I, whimsically perhaps, thought that going to the Tate's Paul Nash exhibition might be a good preparation for last Friday's Defra meeting and the discussion of the government's grand 25-year post-Brexit plan for the environment. Whilst the Defra event was never going to be unspeakable and godless as Nash remarked of WW I, at times it felt pretty hopeless, an adjective he also used.
Nash, was something of a nature painter, particularly of trees. The Tate show certainly does his treescapes justice with paintings from throughout his career, most memorably with his blasted battlefield images from Flanders, particularly, I suppose The Menin Road and We are Making a new World. The Tate devoted the first and last rooms of the exhibition to pictures that feature landscape with woods and trees, created at both ends of a painting life: from Dreaming Trees to Equinox.
In between there was much too much surrealism and explorations of the unconscious for my liking. In that it was rather like the Defra meeting which I commented on yesterday. The exceptions to surreal overload were some of the World War Two images of wrecked German aircraft. One of these is his achingly beautiful watercolour Bomber in the Corn from 1940. But this was far too magnificent an image for comfort, and the link to the Tate website (above) does not do it any sort of justice.

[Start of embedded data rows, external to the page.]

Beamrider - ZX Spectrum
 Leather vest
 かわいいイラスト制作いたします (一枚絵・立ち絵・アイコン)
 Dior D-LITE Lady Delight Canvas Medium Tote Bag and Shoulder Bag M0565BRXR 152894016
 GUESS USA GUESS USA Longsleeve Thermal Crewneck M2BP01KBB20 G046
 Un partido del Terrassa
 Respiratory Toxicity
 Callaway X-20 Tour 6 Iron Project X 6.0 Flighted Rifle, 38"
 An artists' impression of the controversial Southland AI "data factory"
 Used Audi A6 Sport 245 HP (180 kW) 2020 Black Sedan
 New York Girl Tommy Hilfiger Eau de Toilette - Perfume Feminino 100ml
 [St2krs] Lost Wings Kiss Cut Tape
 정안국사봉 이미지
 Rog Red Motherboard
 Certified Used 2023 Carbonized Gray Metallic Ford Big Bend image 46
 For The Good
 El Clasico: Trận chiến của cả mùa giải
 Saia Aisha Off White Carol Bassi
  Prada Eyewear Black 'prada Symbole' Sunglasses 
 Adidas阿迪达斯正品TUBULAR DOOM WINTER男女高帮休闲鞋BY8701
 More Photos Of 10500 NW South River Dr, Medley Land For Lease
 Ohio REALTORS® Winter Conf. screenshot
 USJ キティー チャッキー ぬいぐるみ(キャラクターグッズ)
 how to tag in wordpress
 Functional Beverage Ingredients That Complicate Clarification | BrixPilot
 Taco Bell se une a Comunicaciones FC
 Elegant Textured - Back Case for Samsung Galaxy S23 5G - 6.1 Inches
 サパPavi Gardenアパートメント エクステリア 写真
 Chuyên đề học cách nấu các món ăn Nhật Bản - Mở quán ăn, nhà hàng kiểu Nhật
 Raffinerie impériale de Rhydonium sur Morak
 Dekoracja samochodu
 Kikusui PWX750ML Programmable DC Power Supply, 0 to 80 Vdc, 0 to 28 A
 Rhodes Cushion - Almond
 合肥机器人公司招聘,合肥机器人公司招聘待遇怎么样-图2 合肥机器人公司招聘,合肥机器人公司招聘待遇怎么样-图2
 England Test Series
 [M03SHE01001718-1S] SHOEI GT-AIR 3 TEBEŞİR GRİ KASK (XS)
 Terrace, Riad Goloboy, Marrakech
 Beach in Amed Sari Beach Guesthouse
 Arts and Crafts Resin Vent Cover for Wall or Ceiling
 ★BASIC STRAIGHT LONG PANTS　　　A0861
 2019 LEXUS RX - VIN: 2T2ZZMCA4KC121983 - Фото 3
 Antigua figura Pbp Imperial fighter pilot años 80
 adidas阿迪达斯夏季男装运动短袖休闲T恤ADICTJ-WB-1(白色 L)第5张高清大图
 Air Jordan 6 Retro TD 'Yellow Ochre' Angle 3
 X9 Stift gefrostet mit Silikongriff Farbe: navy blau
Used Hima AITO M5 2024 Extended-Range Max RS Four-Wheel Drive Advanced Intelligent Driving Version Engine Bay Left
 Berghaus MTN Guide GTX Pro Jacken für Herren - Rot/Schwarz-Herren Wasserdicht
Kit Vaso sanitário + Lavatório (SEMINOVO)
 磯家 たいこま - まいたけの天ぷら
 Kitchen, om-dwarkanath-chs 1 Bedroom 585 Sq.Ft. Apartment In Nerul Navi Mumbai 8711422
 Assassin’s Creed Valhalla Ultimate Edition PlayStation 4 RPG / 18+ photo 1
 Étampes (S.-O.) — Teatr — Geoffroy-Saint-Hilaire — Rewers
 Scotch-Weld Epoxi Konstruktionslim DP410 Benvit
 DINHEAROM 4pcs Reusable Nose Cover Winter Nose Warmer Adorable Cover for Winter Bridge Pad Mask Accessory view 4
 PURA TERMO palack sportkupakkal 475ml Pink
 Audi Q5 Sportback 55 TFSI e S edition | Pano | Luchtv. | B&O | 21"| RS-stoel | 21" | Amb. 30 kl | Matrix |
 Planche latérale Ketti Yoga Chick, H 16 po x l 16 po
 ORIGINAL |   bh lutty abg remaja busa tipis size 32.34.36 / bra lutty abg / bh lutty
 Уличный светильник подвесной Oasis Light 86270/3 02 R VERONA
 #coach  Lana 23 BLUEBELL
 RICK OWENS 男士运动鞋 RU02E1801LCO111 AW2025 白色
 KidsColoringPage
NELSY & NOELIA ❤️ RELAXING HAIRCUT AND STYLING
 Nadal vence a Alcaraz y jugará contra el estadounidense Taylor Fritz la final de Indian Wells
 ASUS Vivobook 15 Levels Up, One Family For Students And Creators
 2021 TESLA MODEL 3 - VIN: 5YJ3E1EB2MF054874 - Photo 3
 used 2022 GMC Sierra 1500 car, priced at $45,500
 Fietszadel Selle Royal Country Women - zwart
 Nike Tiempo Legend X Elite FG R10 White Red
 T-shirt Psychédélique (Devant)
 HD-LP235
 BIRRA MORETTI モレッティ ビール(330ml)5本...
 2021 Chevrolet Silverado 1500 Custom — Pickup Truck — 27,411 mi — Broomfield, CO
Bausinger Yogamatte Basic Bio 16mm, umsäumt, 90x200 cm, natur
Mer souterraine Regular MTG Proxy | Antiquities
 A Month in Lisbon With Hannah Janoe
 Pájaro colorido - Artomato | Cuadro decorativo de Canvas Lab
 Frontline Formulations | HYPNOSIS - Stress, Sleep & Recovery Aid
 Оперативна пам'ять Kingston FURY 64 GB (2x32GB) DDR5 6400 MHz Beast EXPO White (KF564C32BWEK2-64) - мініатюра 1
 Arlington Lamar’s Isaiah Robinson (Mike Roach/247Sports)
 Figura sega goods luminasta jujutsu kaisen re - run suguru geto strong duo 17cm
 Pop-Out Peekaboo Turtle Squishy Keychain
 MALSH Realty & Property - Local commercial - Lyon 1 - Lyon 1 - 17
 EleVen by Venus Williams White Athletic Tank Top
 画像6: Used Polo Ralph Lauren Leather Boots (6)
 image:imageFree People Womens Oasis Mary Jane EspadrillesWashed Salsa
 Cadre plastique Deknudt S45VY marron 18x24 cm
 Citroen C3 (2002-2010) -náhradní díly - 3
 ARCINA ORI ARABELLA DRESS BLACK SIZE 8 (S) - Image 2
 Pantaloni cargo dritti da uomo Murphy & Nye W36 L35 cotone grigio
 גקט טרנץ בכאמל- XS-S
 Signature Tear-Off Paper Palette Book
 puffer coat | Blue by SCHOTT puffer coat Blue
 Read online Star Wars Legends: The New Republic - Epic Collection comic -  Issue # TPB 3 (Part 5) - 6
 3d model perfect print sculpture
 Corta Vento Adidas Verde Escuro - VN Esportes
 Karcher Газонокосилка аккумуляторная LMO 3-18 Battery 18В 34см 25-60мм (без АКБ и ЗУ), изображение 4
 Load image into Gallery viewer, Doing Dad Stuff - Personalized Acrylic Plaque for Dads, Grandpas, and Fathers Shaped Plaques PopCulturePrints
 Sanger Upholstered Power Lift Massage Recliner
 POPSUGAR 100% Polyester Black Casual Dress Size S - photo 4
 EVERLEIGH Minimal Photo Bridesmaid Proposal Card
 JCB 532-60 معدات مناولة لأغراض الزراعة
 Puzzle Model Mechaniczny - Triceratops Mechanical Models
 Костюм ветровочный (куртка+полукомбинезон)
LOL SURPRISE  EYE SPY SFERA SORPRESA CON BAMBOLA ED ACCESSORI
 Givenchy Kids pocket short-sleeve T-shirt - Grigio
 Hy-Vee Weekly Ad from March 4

But back to Defra. The mere idea of a 25-year plan for anything these days is to invite ridicule, but a lot of people at the Defra meeting last week took it seriously. I didn't, and I may not have been alone, although I think that too many present were there just to stake their claim to be the key agency for Defra to work with on all this.
This link is the best I can find about what the plan might entail. Whatever it is, has had to be revised, however, as it seems that the Brexit vote caught everyone at Defra on the hop. The part of the plan we were supposed to be discussing was the Connecting People with the Environment strand, and I'll say more about this in a day or so.